→ What is needed
Without the pictures, set down every record below exactly as it reads.

[Records from a dataset]
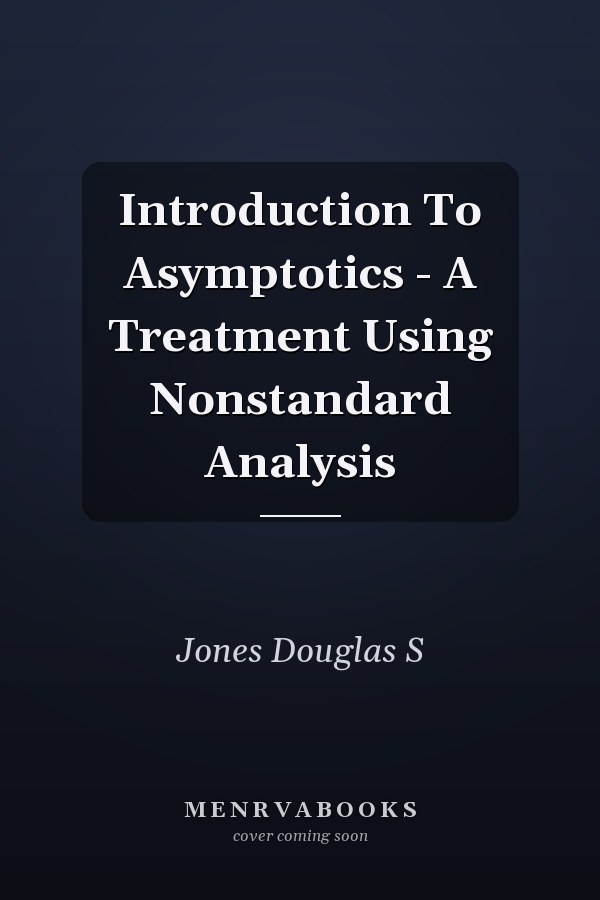 Introduction To Asymptotics - A Treatment Using Nonstandard Analysis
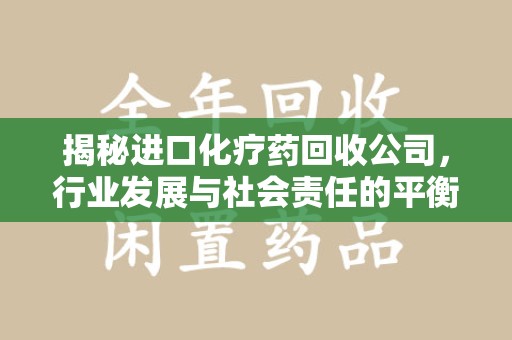 商丘揭秘进口化疗药回收公司，行业发展与社会责任的平衡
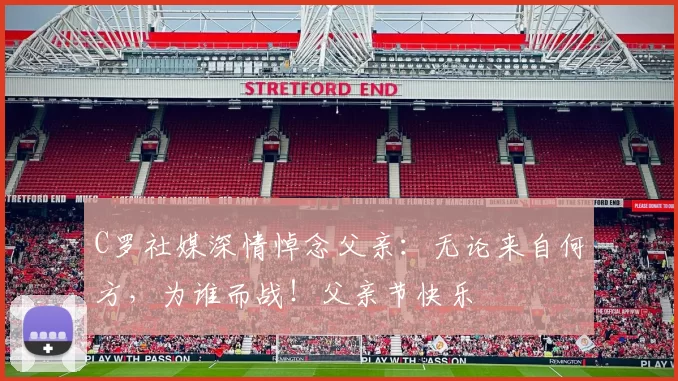 C罗社媒深情悼念父亲：无论来自何方，为谁而战！父亲节快乐️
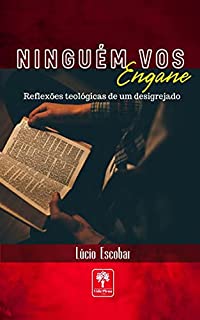 Livro Ninguem Vos Engane: Reflexões Teológicas de um Desigrejado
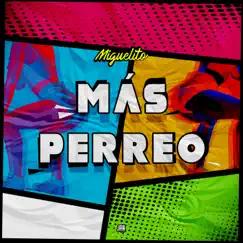 Mas Perreo - Single by Miguelito album reviews, ratings, credits
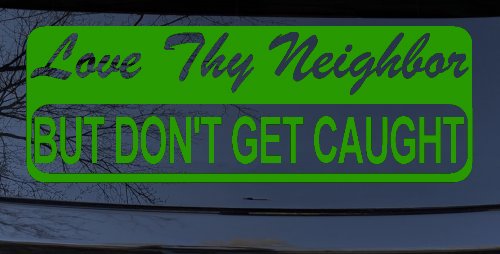 Love Thy Neighbor But Don't Get Caught Funny Car or Truck Window Decal Sticker (Lime)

→ Reply
 Introduction To Asymptotics - A Treatment Using Nonstandard Analysis
 商丘揭秘进口化疗药回收公司，行业发展与社会责任的平衡
 C罗社媒深情悼念父亲：无论来自何方，为谁而战！父亲节快乐️
 Livro Ninguem Vos Engane: Reflexões Teológicas de um Desigrejado
 Mas Perreo - Single by Miguelito album reviews, ratings, credits
 Love Thy Neighbor But Don't Get Caught Funny Car or Truck Window Decal Sticker (Lime)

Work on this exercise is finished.